Presented By: Gulf Center for Sea Turtle Research (Theresa Morris), Galveston Bay Area Chapter-Texas Master Naturalists (Patty Trimingham, Janet Mason, Jo Monday, Pam House), Share the Beach Alabama (Sara Johnson), Coastal Connections, Inc. (Kendra Cope)


Just Stick to It: Lessons Learned from Sea Turtle Epibiosis (1 PM – 3 PM     Salon FGH):
Epibionts are organisms that inhabit the exterior surfaces of other living organisms. In the marine environment, epibionts representing a wide range of taxa attach themselves to a variety of organisms that commonly include invertebrates, cetaceans, and all species of sea turtles. Typically innocuous to their hosts, some epibionts colonize multiple species, while others specialize to form obligate associations. Clues to the biogeography, ecology, and behavior of both host and their associated epibiotic communities can be found by studying these ancient symbioses. In this Workshop, we will hear from leading researchers who are exploring and often newly-describing the species and ecosystems that develop on the exteriors of sea turtles, and attempting to unravel the complexities of these fascinating inter-species relationships.

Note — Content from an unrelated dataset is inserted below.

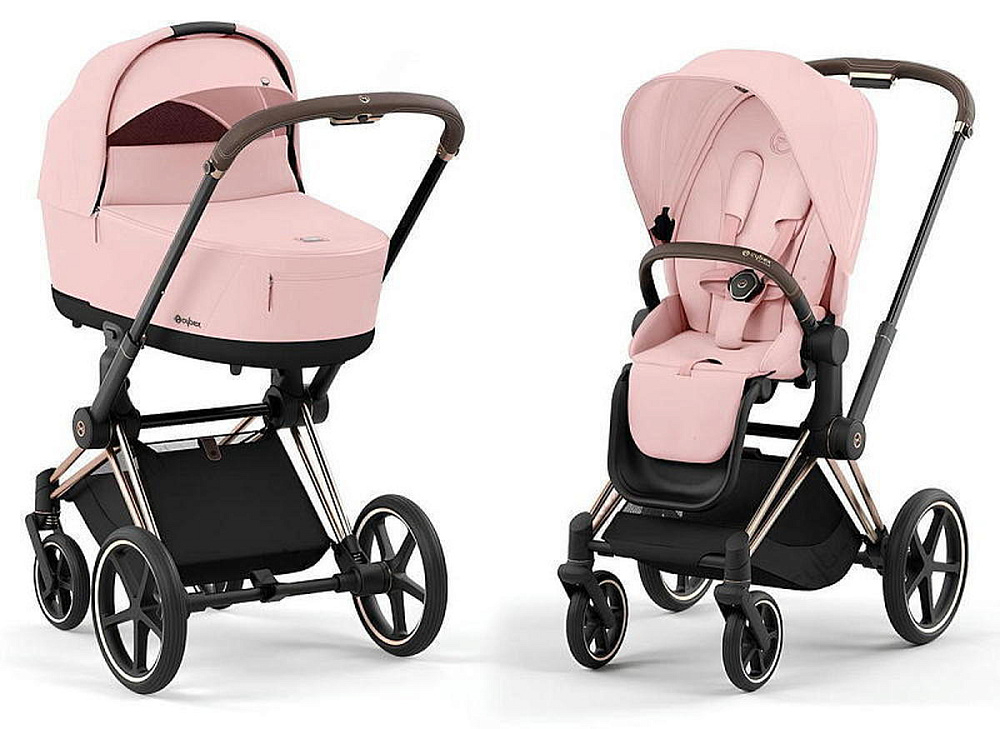 Коляска Cybex Priam IV Rosegold complete и автокресло Cloud G i-Size Lava Grey 3 в 1 Peach Pink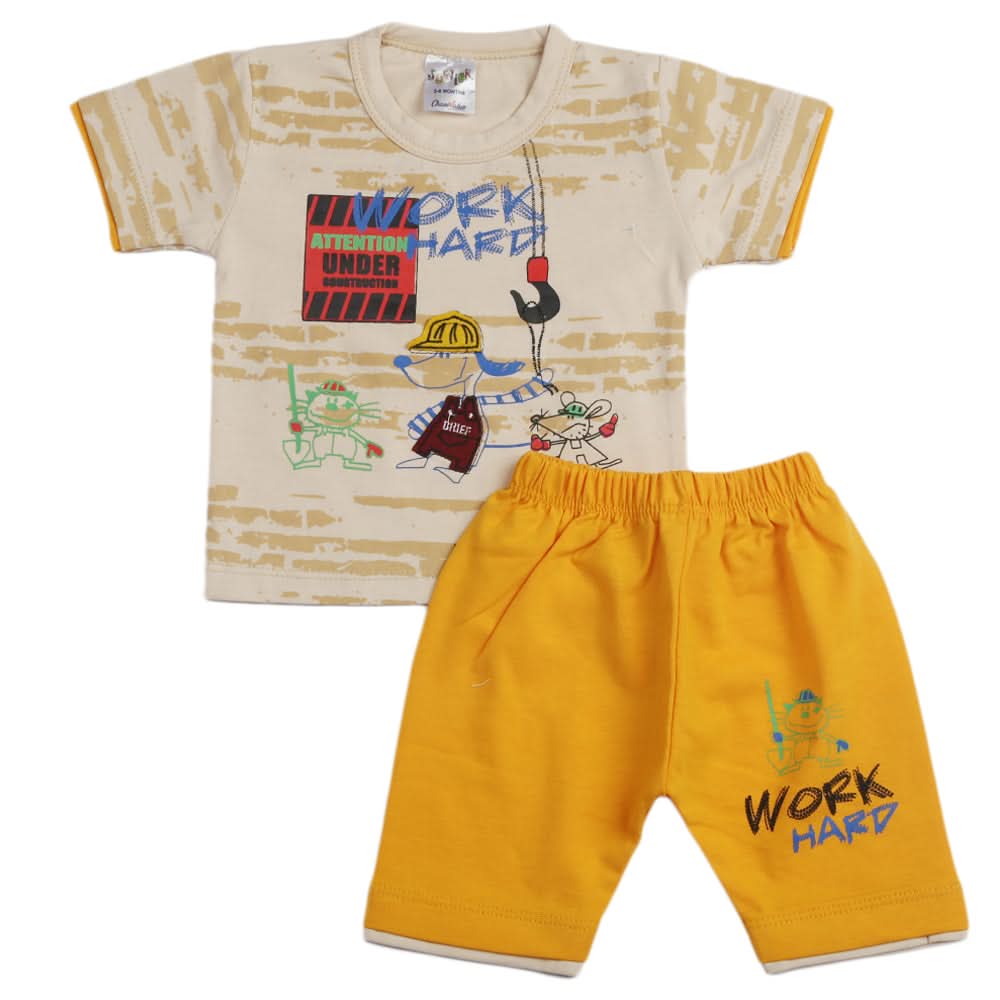 Newborn Boys Half Sleeves Suit - Yellow, Kids, Newborn Boys Sets And Suits, Chase Value, Chase Value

Presented By: Larry Wood, Joe Pfaller, Nathan Robinson, Matt Ashworth, and Tom Frankovich


Satellite and Acoustic Tagging Technologies and Applications for Sea Turtles (1 PM – 4 PM     Salon E):
This workshop offers an in-depth overview of current and emerging acoustic and satellite technologies available to sea turtle researchers. Each presenter will provide technical details and case studies highlighting how the different systems and products each company provides can produce the data required to address research questions. Successes and challenges of different applications will also be reviewed. A discussion period will follow the presentations. Join Kevin Ng from Wildlife Computers to learn tips and tricks for tagging sea turtles—everything from tag programming and antifouling to tag attachment. Learn how Live Maps can help disseminate your research information to your funders and the general public. You will also get an in-depth look at real case studies and their data and tracks. Stephanie Smedbol from Innovasea will provide information on the use of Innovasea acoustic telemetry systems for sea turtle tracking, including discussion of new technologies such as tiny high-frequency tags for hatchlings, acoustic data storage tags, and predation sensing tags.

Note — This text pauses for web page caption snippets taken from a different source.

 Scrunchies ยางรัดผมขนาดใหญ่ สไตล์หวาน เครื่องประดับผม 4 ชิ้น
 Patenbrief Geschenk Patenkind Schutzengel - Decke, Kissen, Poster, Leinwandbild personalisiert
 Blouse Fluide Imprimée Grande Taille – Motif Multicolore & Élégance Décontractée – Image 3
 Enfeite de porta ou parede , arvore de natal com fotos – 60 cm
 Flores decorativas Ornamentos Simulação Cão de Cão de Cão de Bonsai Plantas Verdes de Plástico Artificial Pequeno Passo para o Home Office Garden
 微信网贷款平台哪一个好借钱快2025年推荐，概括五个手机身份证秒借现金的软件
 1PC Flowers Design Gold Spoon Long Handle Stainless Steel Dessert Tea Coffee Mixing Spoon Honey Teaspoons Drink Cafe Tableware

Presented By: Wildlife Computers (Rebecca Webb), Innovasea (Stephanie Smedbol), Lotek (Julia Merszei, Donna Kehoe)


Gulf Center for Sea Turtle Research Meeting (3:30 PM – 5 PM     Salon D):
The Gulf Center for Sea Turtle Research was approved by the Texas A&M University Regents in May 2019 to address the data gaps and research needs to conserve sea turtles in Texas, the western Gulf and throughout the Gulf of Mexico. The Center seeks to organize sea turtle biologists in the region and speak with one voice to attract attention, and funding, for sea turtle research activities and conservation priorities that will protect sea turtle populations and their vital habitats from the beaches to the ocean. The Center’s purpose is to create collaborative relationships with other sea turtle researchers, and sea turtle research entities across the Gulf of Mexico and to positively benefit undergraduate students, graduate students, early career scientists. The Gulf Center for Sea Turtle Research will serve as a platform that will attract scientists from academia, industry, state and federal agencies, as well as internationally, who will contribute to finding solutions to the threats that sea turtles face today. The workshop at the SERSTM is open to all who are interested in the Center’s activities and would like to participate in gulf-wide collaborations. The activities from the past 2.5 years will be reviewed and future Gulf-wide proposals will be discussed. This meeting will be constitute the 2022 annual meeting of the GCSTR.